Research shows forgiveness greatly benefits the physical health of the forgiver. Seems that holding a grudge is bad for you.

Monday, October 15, 2007

Feelings 101

It's typical for therapists to ask about feelings. It's also typical for clients to dislike being asked. The truth is, many problems can't be resolved with a shift in thoughts and behaviors alone. Most of the time in order to grow we have to work through feelings.

While it's hip to talk about feelings in our Oprah society, we're not all good at it. A common trick is share a thought masquerading as a feeling. Starting a sentence with "I feel...." doesn't mean you're experiencing or communicating your feelings. I see people do this all the time. Take this couple:

Spouse 1: "I feel that you broke the garbage disposal."
Spouse 2: "I feel like you didn't look at it closely because you don't care."
Spouse 1: "Well, I'm just telling you how I feel."

Not feelings. In fact, any time "I feel..." is followed by "that" or "you" or "like", we're not talking about emotions. Most of the time, those are thoughts, beliefs, or judgements. No, you don't feel that NASA should pursue a mission to Mars. You believe it. It's your opinion. It's a thought, not a feeling.

Feelings can be broken down to some combination or degree of sad, mad, glad or afraid (some experts might also throw in shock, love and/or envy). That's it. Degrees of sad might range from bummed out to devastated, while anger might range from annoyed to enraged. Sometimes feelings combine, creating frustration (sad + mad), bittersweet (sad + glad), etc.

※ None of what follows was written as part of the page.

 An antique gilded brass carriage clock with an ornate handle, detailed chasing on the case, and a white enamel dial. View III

And what makes these feelings, rather than thoughts? Feelings can be felt, actually physically experienced. It might take a little practice, but a simple way to get in touch with real feelings is to become aware of the physical sensations you have in your body. When people experience emotion, their body tends to feel a certain way, unique for everyone. When people are sad they may feel a weight in the chest and shoulders. People feeling angry might report an expansive, explosive sensation in their chest and arms. Fear tends to be a weight in the stomach. Joy is often a light, energized feeling throughout the body. But again, it can be different for anybody.

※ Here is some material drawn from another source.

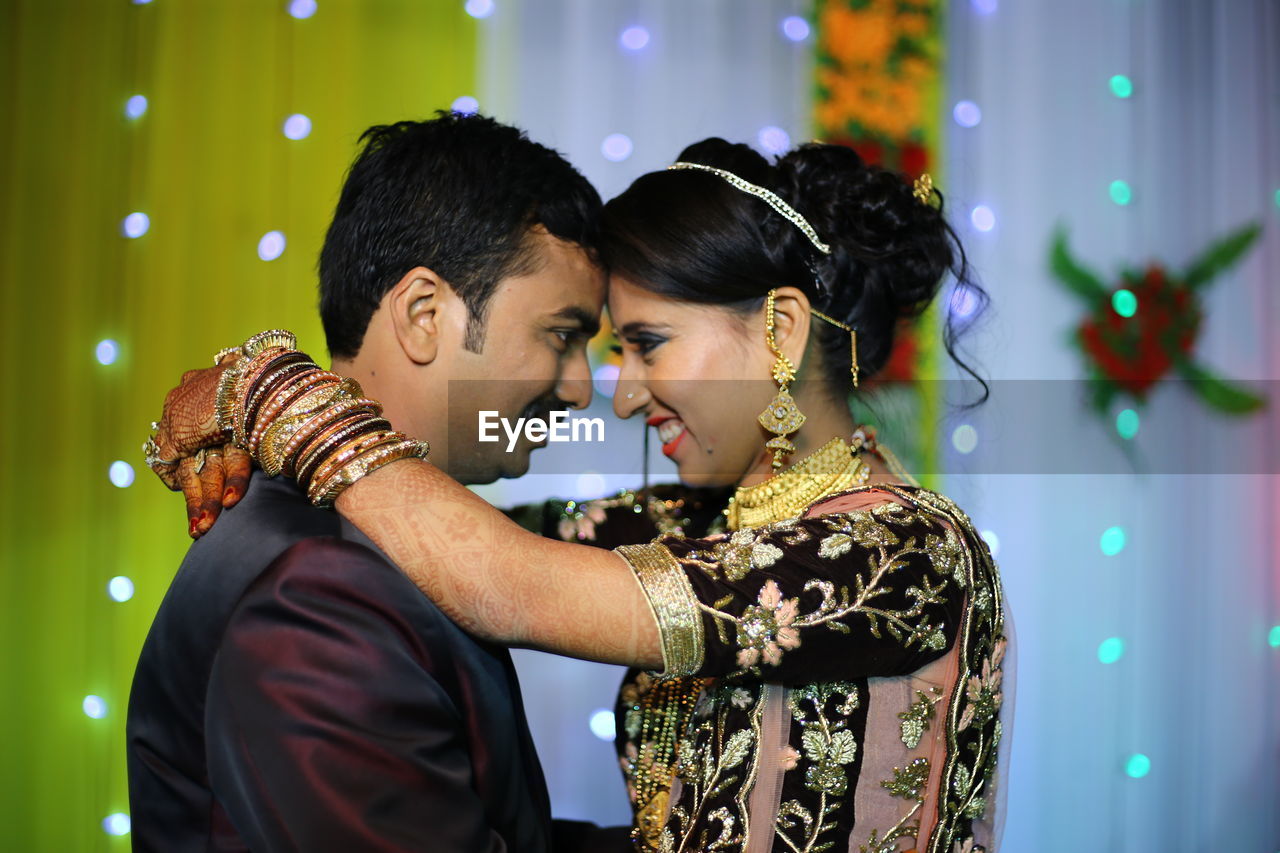 Side view of young couple during wedding ceremony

Monday, September 17, 2007

How Do You Feel?

As I said last month, two questions help jump-start any stalled therapy session. I've convinced you to talk about what you want. Now, I embrace the cliche and ask you to talk about your feelings.

Why? Getting in touch with emotion helps inform decision making, resolve issues from the past, and increase self-awareness.

When we make important decisions, we use both our brain and our gut. Think about your decision to take a job, move into a new place, enter a relationship with someone - you probably used both logic and emotion to make those decisions. The absence of either could cause problems.

By the way, in our world logic tends to be valued more highly than emotion, making people reluctant to admit that emotion plays an important role in decision making. Rather than just admit that feelings were a factor in a decision, we tend to go overboard with rationalization ("sure, it's nice that it's a convertible, but I chose it because it gets 3 more MPG!").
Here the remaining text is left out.